The phrase “corporate director” is a combination of the words “Corporate” and “Director”. The word “corporate” is defined as “of or relating to a corporation especially a business corporation”. The word “director” is also defined as “1. One who manages, guides or orders; a chief administrator. 2. A person appointed or elected to sit on a board that manages the affairs of a corporation or other organization by electing and exercising control over its officers”.
From the above definitions, a corporate director can be simply defined as one who directs, regulates, guides or manages the affairs of a business corporation and who sits on the board of such corporation.
In some jurisdictions, one of the cardinal requirements for the formation of a company is the appointment of person(s) to act as directors of the company by the subscribers to the memorandum of association of the company. The names of such person(s) are usually submitted as part of the requirements for the registration of the company. The minimum number of directors vary from jurisdiction to jurisdiction and after incorporation the first directors may be changed, re-appointed or added to.
Directors are not regular employees of a company but they are officers for the purpose of making a company vicariously liable for their negligence while engaged in the business of the company.
Conflict within the Board
The management of a company is vested in the board of directors collectively so as to ensure the collective knowledge and wisdom of the board is available and to ensure discussions take place before decisions are made. The board is made up of different persons (natural and juristic) and it is reasonable to expect that discussions will bring as many varying ideas and opinions to the fore. Disagreements and conflicts may arise in the course of these discussions therefore it is important for a company to have a systematic and efficient way of resolving these conflicts because of the negative impact they may have on the company.
A board that has identified a pragmatic approach to resolving its conflicts may discover that not only will they resolve disputes more efficiently but they would also enhance their collaborative problem-solving and decision-making capabilities. It is important that these conflicts are recognized, managed and turned into a positive force for advancing the goals of an organization.
Conflicts are more likely to occur between directors that were subsequently appointed after the first directors. This may be because the first directors were involved in the formation of the company and are likely to have similar goals and approaches on the direction and management of the company. Subsequent directors however come with different opinions from different backgrounds and to mix these with differing temperaments may make conflicts inevitable. On the other hand, conflicts between board members may also be a spill-over from the existing and unresolved conflicts between sitting directors who may have been influential in the appointment of the new directors to the board. The new directors may have a prejudice against some directors as possibly influenced by the sitting directors.

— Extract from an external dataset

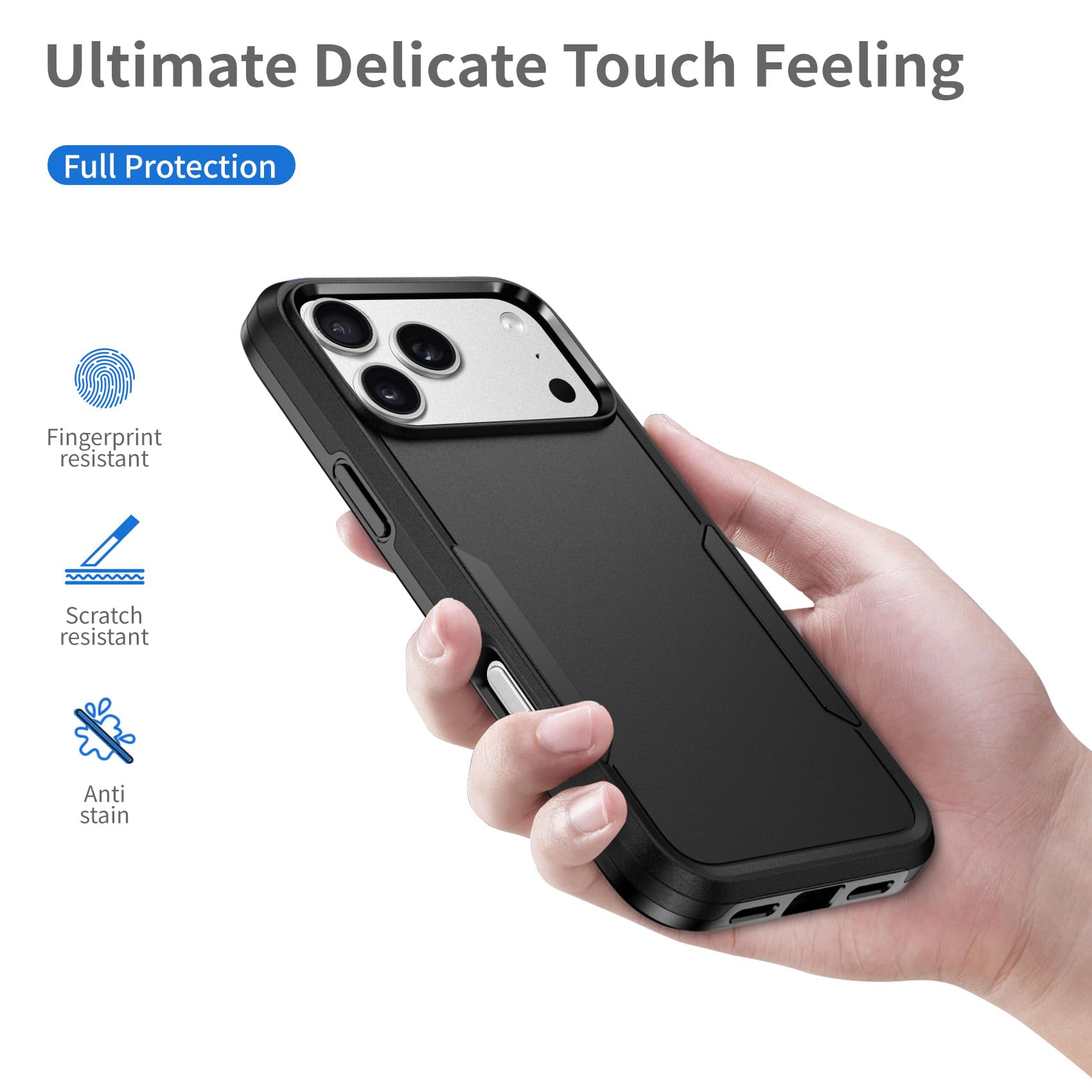 Designed for iPhone 17 Pro Case Black — Dual Layer Heavy Duty Shockproof Cover with Military Grade Drop Protection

The personality of certain board members may also make conflicts inevitable. In a situation where a director has a domineering personality and as such appears to be keen on influencing the decision of the board often, there is the likelihood of a constant face-off between such domineering director and other members of the board. A conflict may also arise within the board where a director with the highest shareholding in the company appears to be keen on running the affairs of the company parallel to the authority of the board.
Possible conflict scenarios abound and arise in the normal course of running a company. The need to resolve board conflicts quickly, efficiently and effectively cannot therefore be over emphasized. Several methods of resolving board conflicts may be adopted and each method may be more suited for peculiar scenarios. An effective conflict-management plan must however begin with the board itself. It is advisable that when boards are appointing new directors, people management skills and the ability to respond constructively to developing and full blown conflicts should be considered. Some of these essential skills include but are not limited to: individual initiative, negotiation skills, informal mediation skills, investigative skills, decision making ability and people management skills.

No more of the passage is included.